After a 25-year legal battle, the UCLA historian, Jon Wiener has managed to secure the final 10 documents relating to the surveillance of John Lennon that the FBI were refusing to release.
I am absolutely delighted to read that J Edgar Hoover sent a memo to Nixon’s bagman, HR Haldeman, informing him that Lennon was sympathetic to “extreme leftwing activities in Britain”. This was hardly a secret to anyone in Britain at the time since the interview Robin Blackburn and myself conducted with Lennon was published as a supplement in The Red Mole. Photographs of John and Yoko wearing Red Mole T-shirts appeared on the cover of Ramparts magazine in the states (aficionados can see one of them on the cover of the new edition of my book Streetfighting Years: An Autobiography of the Sixties, which also contains the interview). What else? The released “secret” document says:
“... Lennon implied he was sympathetic towards IMG which is a small Trotskyist group which owes allegiance to the United Secretariat of the Fourth International.”
This is accurate. Did Hoover explain to Haldeman why it was the United Secretariat rather than the International Committee or was that briefing so secret that it could not be put down on paper? Possibly. But now for something truly sensational:
“Immediately after it was published in Red Mole, Ali and Blackburn set about selling the interview to papers in western Europe, and about £700 was realised from the sale of the rights of reproduction and these were retained by the International Marxist Group, presumably with Lennon’s agreement.”
Guilty as charged, though I’d forgotten that we only got £700, a clear indication that business skills were not our strong point even then. Anything else? Wait for this gem:
“It is believed that Lennon promised to advance sums of money to the IMG in order to finance the establishment of a leftwing bookshop and reading room in London. Despite a long courtship by Blackburn and Ali, as far as we know, no sum has been paid by Lennon for this purpose to them.”

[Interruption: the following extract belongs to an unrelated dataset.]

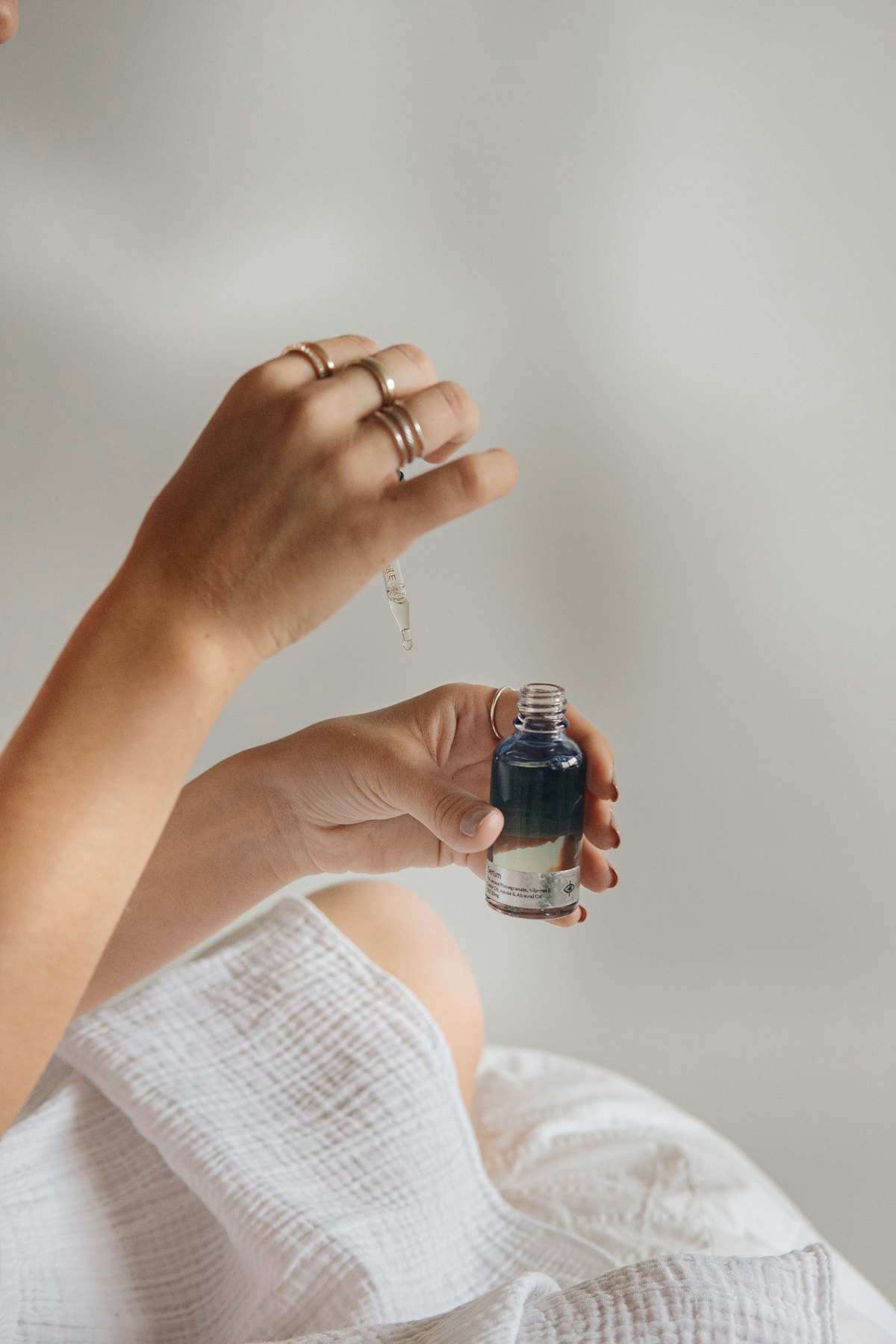 Macro detail of luminous skin and serum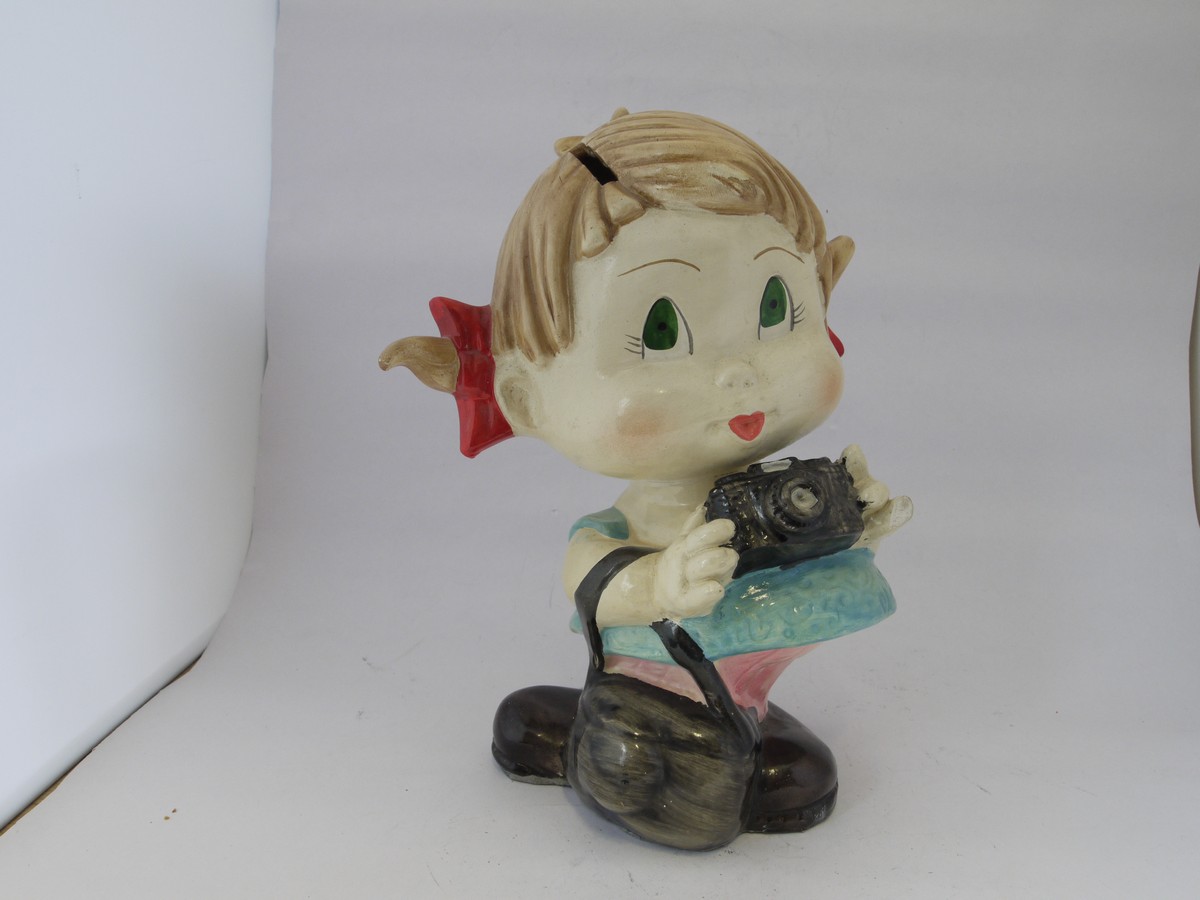 mwclassiccameras-20220415-303 Ceramic Figure/Moneybox of a Young Girl holding a camera & bag. Stands 210mm High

Now I understand the reason for classifying this information. They were tapping our phones (and since Blackburn and I had lengthy conversations every day on various matters it would be wonderful if MI5 sent us the tapes just as a record of that period and a gesture of goodwill). The information itself is not inaccurate. I certainly had come up with the idea of a big leftwing bookshop. It was to be called The Red Apple and have a large reading-room and cafe (on the Viennese model) attached to it. Both John and Yoko were keen on the project and it might have happened had they not left for New York. It remains a good idea. Any takers?